Each of America's two biggest economic crashes occurred in the year immediately following these twin peaks—in 1929 and 2008. This is no mere coincidence. When most of the gains from economic growth go to a small sliver of Americans at the top, the rest don't have enough purchasing power to buy what the economy is capable of producing. America's median wage, adjusted for inflation, has barely budged for decades. Between 2000 and 2007 it actually dropped. Under these circumstances the only way the middle class can boost its purchasing power is to borrow, as it did with gusto. As housing prices rose, Americans turned their homes into ATMs. But such borrowing has its limits. When the debt bubble finally burst, vast numbers of people couldn't pay their bills, and banks couldn't collect.
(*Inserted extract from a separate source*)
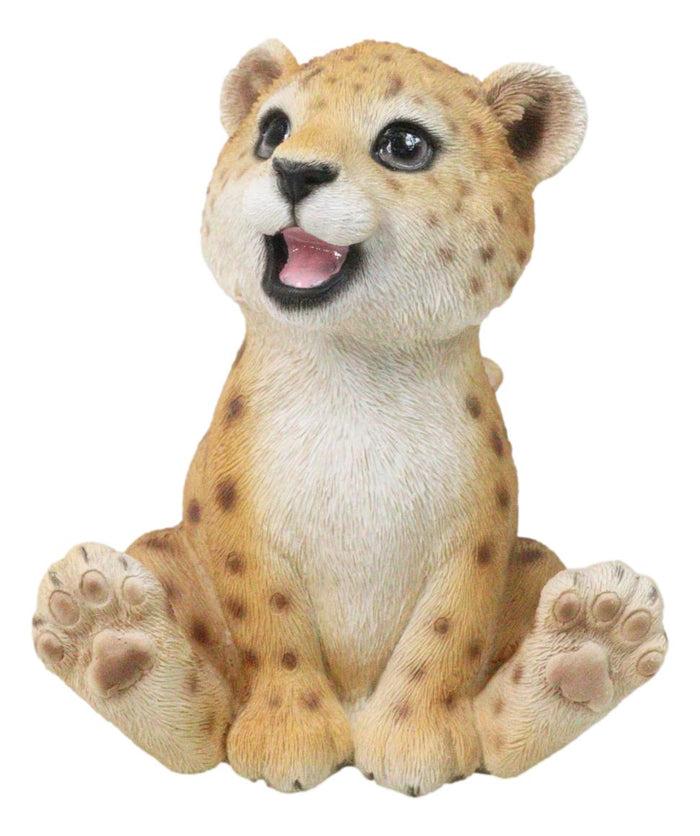 ebros gift Whimsical Animal Kingdom Leopard Cub Seated With Big Smile Figurine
Reich thinks that we as a nation will find a way to change this, because we can't survive if we don't:
None of us can thrive in a nation divided between a small number of people receiving an ever larger share of the nation's income and wealth, and everyone else receiving a declining share. The lopsidedness not only diminishes economic growth but also tears at the social fabric of our society. The most fortunate among us who have reached the pinnacles of economic power and success depend on a stable economic and political system. That stability rests on the public's trust that the system operates in the interest of us all. Any loss of such trust threatens the well-being of everyone. We will choose reform, I believe, because we are a sensible nation, and reform is the only sensible option we have.

I hope he's right.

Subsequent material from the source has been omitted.